→ Exercise brief
In the listing below, locate the line with "Required (Black,Right-Facing Chaise)" and the line with "Cyd Charisse and", then output both and everything between them exactly, minus any pictures.

→ Data to use
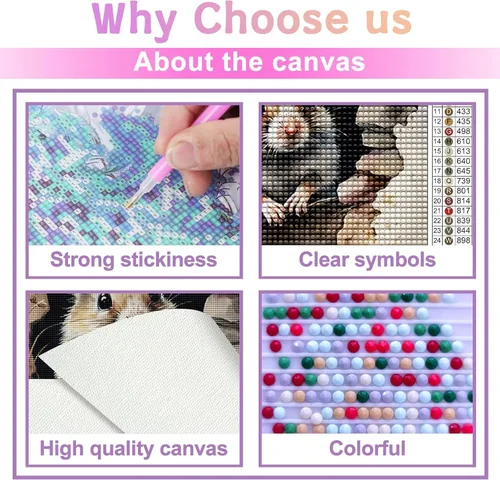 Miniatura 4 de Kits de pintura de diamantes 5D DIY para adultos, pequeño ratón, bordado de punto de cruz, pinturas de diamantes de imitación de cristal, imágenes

---

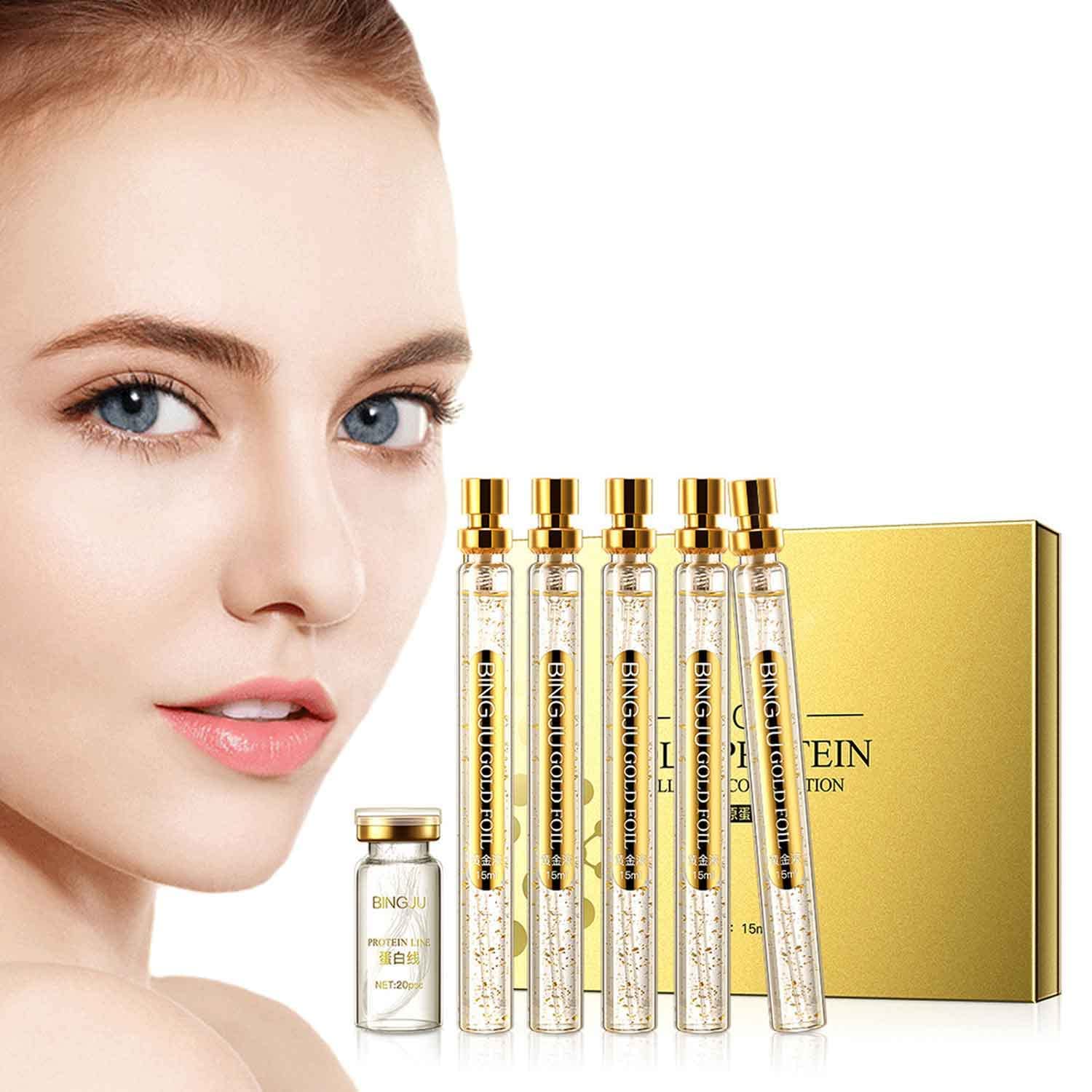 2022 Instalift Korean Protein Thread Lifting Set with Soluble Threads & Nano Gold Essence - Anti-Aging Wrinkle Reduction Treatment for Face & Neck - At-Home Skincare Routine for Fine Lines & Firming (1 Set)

...

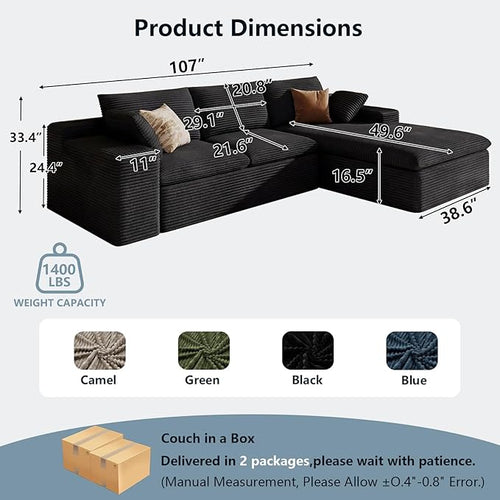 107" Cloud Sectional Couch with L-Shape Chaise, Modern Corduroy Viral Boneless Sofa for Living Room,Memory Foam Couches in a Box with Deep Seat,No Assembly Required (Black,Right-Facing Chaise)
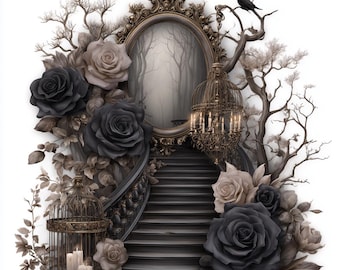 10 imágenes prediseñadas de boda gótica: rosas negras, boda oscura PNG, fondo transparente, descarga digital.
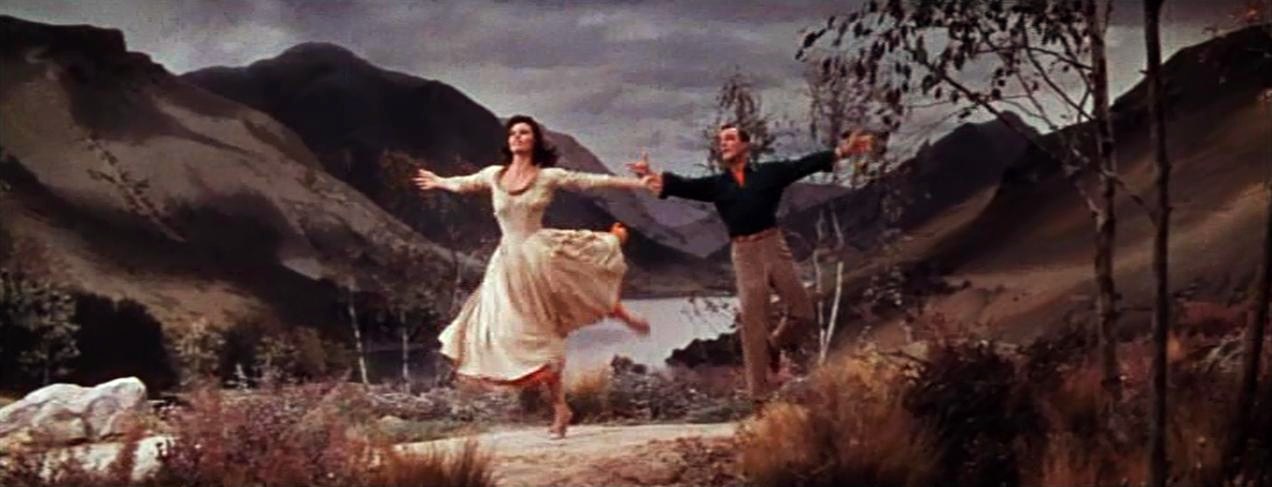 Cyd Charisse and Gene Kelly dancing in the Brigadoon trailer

→ Response to this task
 107" Cloud Sectional Couch with L-Shape Chaise, Modern Corduroy Viral Boneless Sofa for Living Room,Memory Foam Couches in a Box with Deep Seat,No Assembly Required (Black,Right-Facing Chaise)
 10 imágenes prediseñadas de boda gótica: rosas negras, boda oscura PNG, fondo transparente, descarga digital.
 Cyd Charisse and Gene Kelly dancing in the Brigadoon trailer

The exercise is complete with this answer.